Он врезался в толчею, таща меня на буксире, высоко задирая могучие колени и пиная ими окружающих. Люди рассыпались перед его коленями во все стороны. Если они не рассыпались сами, их отбрасывало.

Извергая проклятия, угрозы и оскорбления, носильщик прокладывал путь сквозь людскую массу. Вокруг стоял невообразимый шум, — я, казалось, кожей ощущал, как вибрирует воздух. Люди вопили так, будто очутились в центре какого-то ужасного катаклизма. Над их головами ревели что-то невразумительное громкоговорители.

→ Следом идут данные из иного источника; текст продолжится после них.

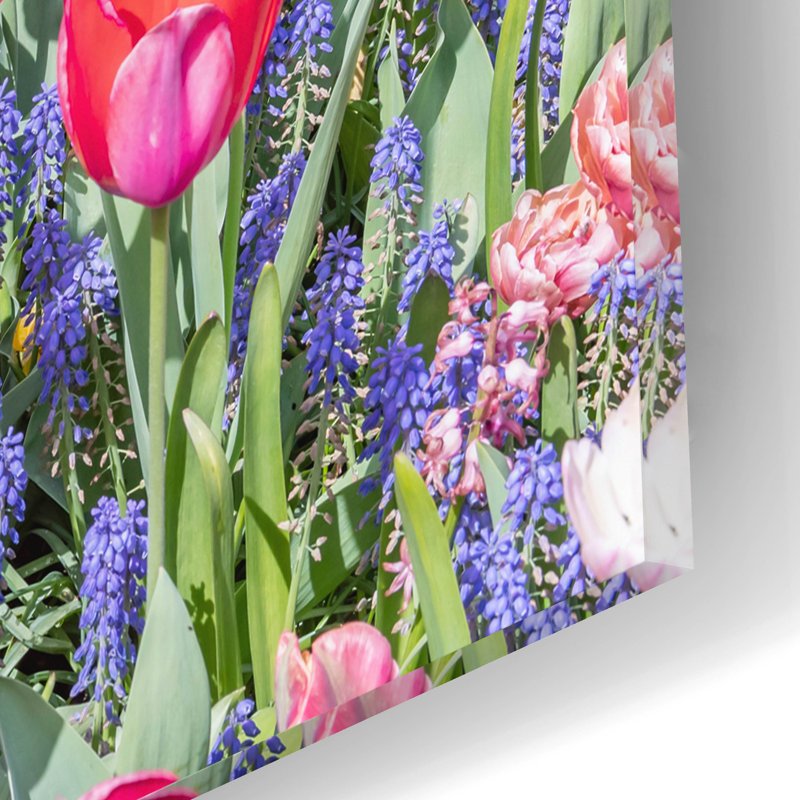 "Tulipes Kuekenhaus II" par Richard Silver, H 12 po x l 16 po x P 0,13 po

Со всех сторон раздавались свистки, гудки и звонки.

 

2. "Есть. Молиться. Любить" книга-мемуары американской писательницы Элизабет Гилберт. Она описывает свое путешествие, совершенное на волне расставания с мужем, и открытия, произошедшие с ней во время странствий.

Книга разделена на 3 части:

"Есть" - героиня отправляется в Италию, пробует лучшие блюда итальянской кухни (именно благодаря этой книге многие узнали, где в Италии делают лучшую пиццу), занимается шопингом, прогуливается улицами Рима. К ней приходит знание того, как получать удовольствие от простых повседневных вещей.

"Молиться" - героиня отправляется в Индию, и занимается развитием духовных потребностей и качеств. Она молится, созерцает, постигает себя и законы вселенной, и учится смотреть на мир под другим углом.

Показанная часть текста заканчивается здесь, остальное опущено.